New Hampshire. A urinary level of 0.09 mg. of mercury per liter, with a urinary specific gravity of 1.004, confirmed the clinical diagnosis. (Normally, no mercury is found in the urine; the hazard level for industrial workers is 0.20 mg. of mercury per liter, with a specific gravity of 1.024.) The patient was referred to the Massachusetts General Hospital for further evaluation and treatment.
Upon admission he had the typical symptoms and signs of acrodynia. These included complaints of pain in the abdomen, extremities and joints, irritability, swinging changes of mood, a marked degree of photophobia, increased perspiration, desquamation and pink color of the hands (Fig. 1), hypertension, hypotonia, salaam positioning (Fig. 2), anorexia and insomnia. His weight was 17 kg., and the body-surface area 0.7 square meter.
Laboratory studies included a normal hemogram and normal electrolytes, blood urea nitrogen, albumin, globulin, serum glutamic oxalacetic transaminase and alkaline phosphatase. An L.E.-cell preparation was negative.
Lumbar puncture revealed a normal spinal-fluid pressure, protein, sugar and colloidal-gold curve. An electroencephalogram was interpreted as being a moderately abnormal waking record because of asymmetry of the 2 sides. There was poor driving and response to strobe on the left. A repeat electroencephalogram 3 days later revealed no marked change.
X-ray films of the skull, knees, shoulders and an intravenous urogram* were normal. X-ray study of the teeth revealed extensive caries involving the deciduous teeth, and several permanent teeth were loose.
Urinalysis was within normal limits. The urine contained trace amounts of lead, but no protein or arsenic. The creatinine clearances were 53 and 54 liters per day. The 24-hour urinary coproporphyrin excretion was normal. Catechol amine studies, done because of clinical signs of increased sympathetic activity, showed a urinary excretion of 3 microgm. of epinephrine and 79 microgm. of norepinephrine per 24 hours. The vanilmandelic acid excretion was 3.5 mg. per 24 hours.
Urine specimens were quantitatively analyzed for mercury throughout the course of the patient’s illness with the use of a modification of the Monkmon method.22 Samples of urine were cold digested with potassium permanganate and sulfuric acid to destroy the organic material. The excess potassium permanganate was bleached with hydroxylamine hydrochloride, and after adjustment to a pH of 6, the solution of the soluble divalent mercury was passed through a glass filter impregnated with cadmium sulfide. The mercury in solution was retained on the pad as a sulfide. The sulfide was then placed in a flask and heated. Evolved mercury was drawn through a General Electric Mercury Vapor Detector, and the readings plotted at 10-second intervals. Standard urines containing known amounts of mercury were treated in a similar manner, and the readings compared with that of the unknown solutions. (The method is very sensitive and is reproducible to less than 0.1 microgm. of mercury per aliquot.)

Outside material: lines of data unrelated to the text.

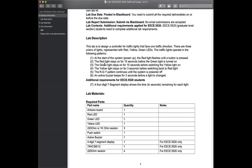The graduate student requirements include: at system start, the red light should flash until a button is pressed — so obviously you need a button in the design. The second requirement is the red light stays for 15 seconds before green turns on, then green for 15 seconds, yellow for three seconds, repeating the red-green-yellow pattern. Additionally, an active buzzer must beep for three seconds before each light change.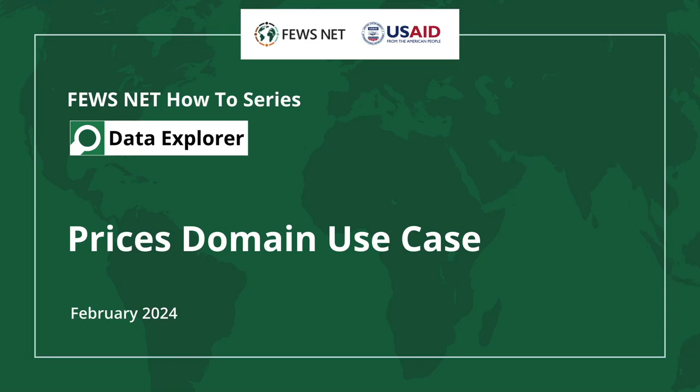Welcome to the Feusenet How-To Series. In this video, we'll take a closer look at accessing and customizing data in the prices domain.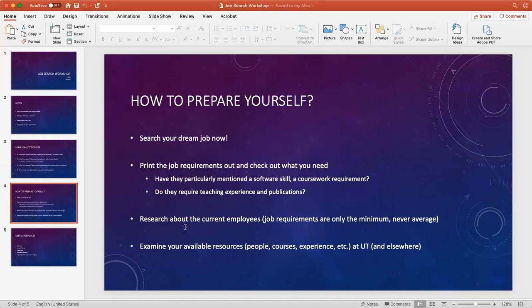Have they particularly mentioned a required software skill? Have they talked about coursework they want you to have taken before the job? Do they require publications? If so, how many? Do they want to see teaching experience from you?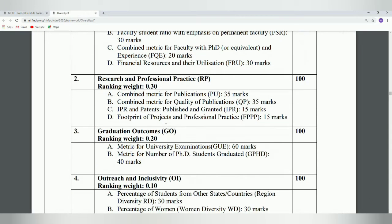The second parameter is Research. This covers how many publications have happened, how many publications are in quality journals, how many intellectual property rights and patents exist, and finally the footprint of projects. For example, if your project is reviewed in a quality journal outside the state or country, that is also considered under the fourth criteria — footprint of projects and professional practice.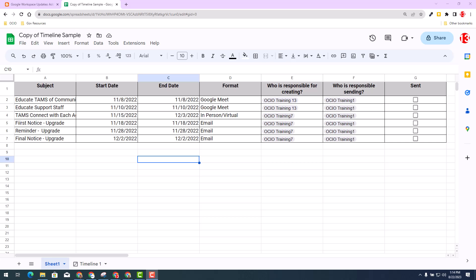Now this sheet is a communication plan. It has a start and end date, what type of format and medium we're going to communicate, and who is responsible for creating and sending the messages. So it's a great way to incorporate the timeline view.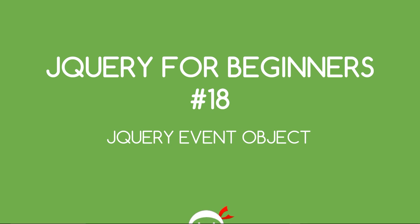Yo, what's going on guys? You're watching jQuery for beginners lesson 18 and in this video we're going to talk about the jQuery event object.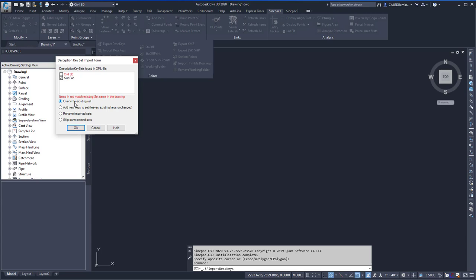Here we can choose what we want to do if we want to override an existing set, add new keys to a set, and leave the existing keys unchanged. We can rename the imported sets, or we can skip them. In this case, I'm just going to choose Overwrite Existing Set, and then hit OK.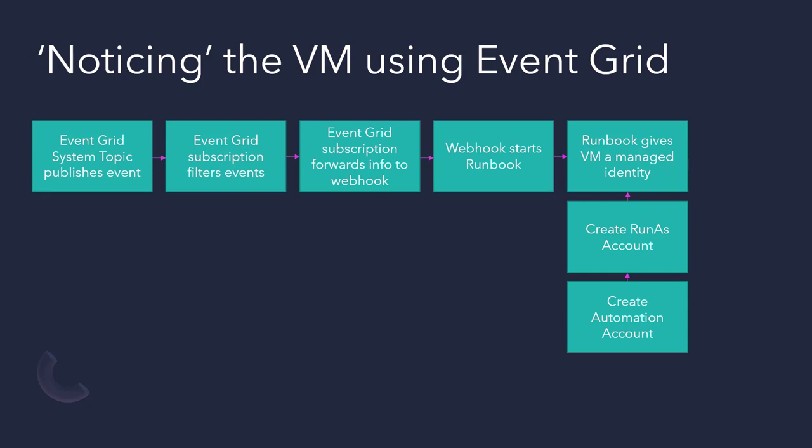We'll then filter out all of the VM creations that are happening, possibly thousands in our subscription, so that we're zeroing in on the correct VM. Then that will create a JSON object, which we can then forward on to a webhook. And in this case, we're going to start an automation runbook. You don't need a runbook. You could do it with a function or lots of other ways you can automate. But in this particular example, we're going to use a runbook.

The patient was treated with N-acetyl-D,L-penicillamine,* 0.125 gm. given 4 times a day (30 mg. per kilogram of body weight per day). The urinary excretion of mercury is shown in Figure 3. The mercury levels of the urine samples rose with treatment, diminished upon discontinuation and were again elevated with the reinstitution of treatment. The daily clinical course, emphasizing change in blood pressure, frequency of abnormal posturing, photophobia and redness and desquamation of the hands, is charted in Figure 3. There was some increase of pain, a slight increase of erythema of the palms, more frequent salaam posturing and greater fluctuation of mood when therapy was discontinued.
With N-acetyl-D,L-penicillamine therapy the patient showed general improvement except for his behavior. This became progressively worse as evidenced by refusal to eat, lying on the floor, throwing away urine specimens and great fluctuation in mood. However, when he was informed of his impending discharge, his behavior became much improved. A follow-up electroencephalogram had reverted to normal.
At home his behavior again became a problem, necessitating readmission 11 days after discharge. He was given a 6-day course of N-acetyl-D,L-penicillamine. His behavior markedly improved although there was no significant increase in the urinary mercury excretion. After 8 days in the hospital he was discharged, and since this last discharge he has maintained his clinical improvement. Ten months later a urine sample contained 0.016 mg. of mercury per liter.